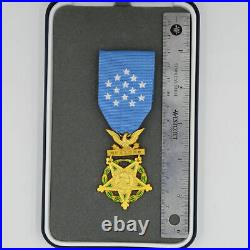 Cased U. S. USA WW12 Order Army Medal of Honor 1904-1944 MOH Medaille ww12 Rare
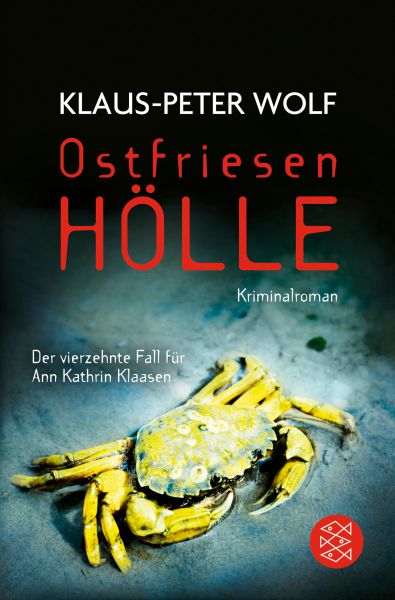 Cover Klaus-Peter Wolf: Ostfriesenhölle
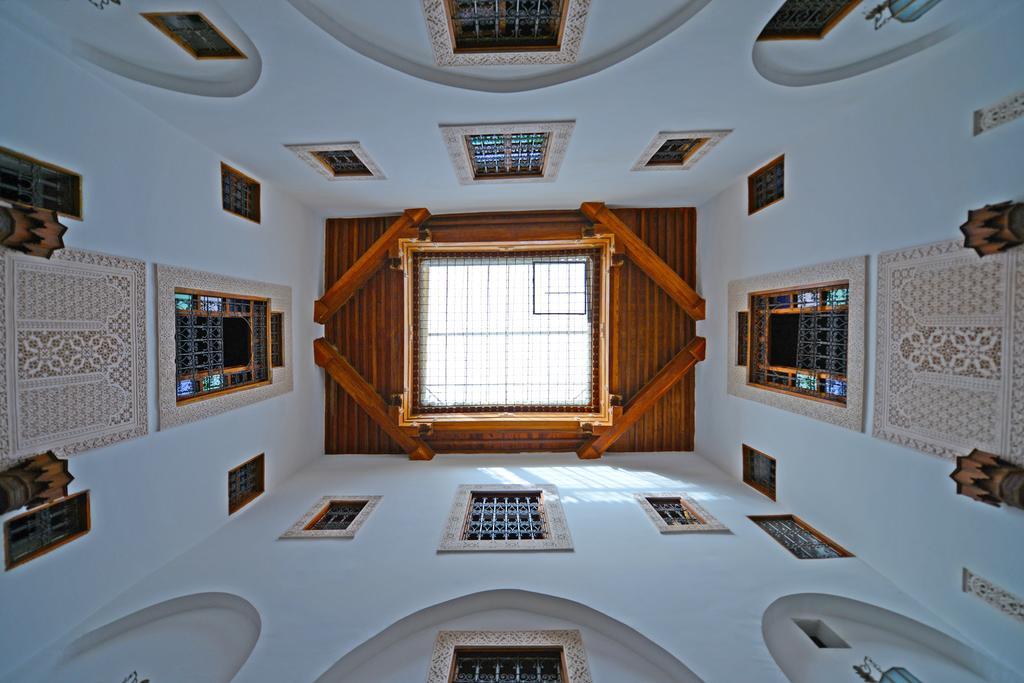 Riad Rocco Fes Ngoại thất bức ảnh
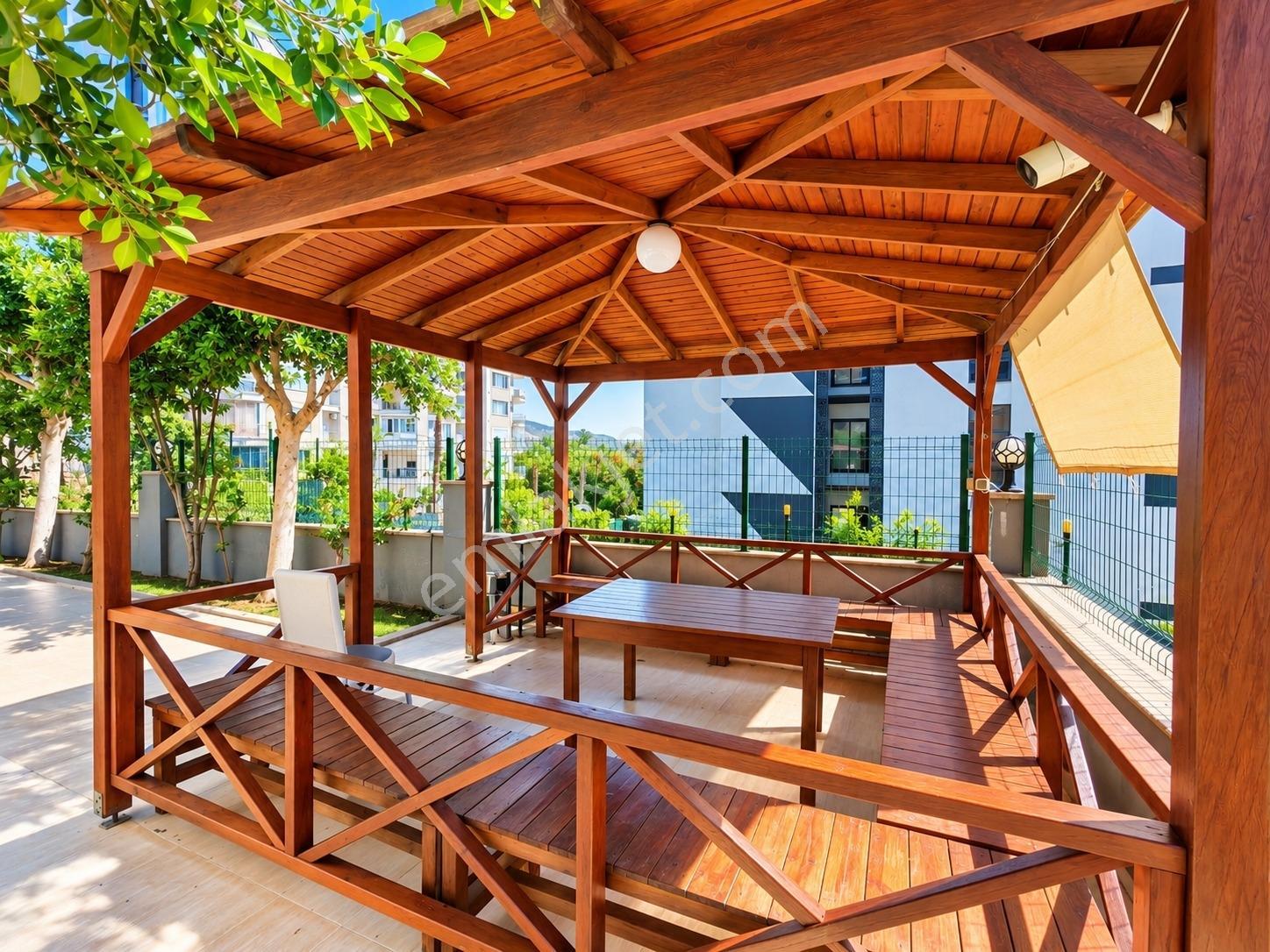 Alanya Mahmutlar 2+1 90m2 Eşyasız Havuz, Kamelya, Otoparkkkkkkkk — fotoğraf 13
=-=-=-=-=
■ TASK REQUIREMENTS
Retype the line containing "Riad Rocco Fes Ngoại thất bức ảnh" and all lines after it through the end of the material, exactly and only those, leaving out pictures.

■ ANSWER TO THE PROBLEM
 Riad Rocco Fes Ngoại thất bức ảnh
 Alanya Mahmutlar 2+1 90m2 Eşyasız Havuz, Kamelya, Otoparkkkkkkkk — fotoğraf 13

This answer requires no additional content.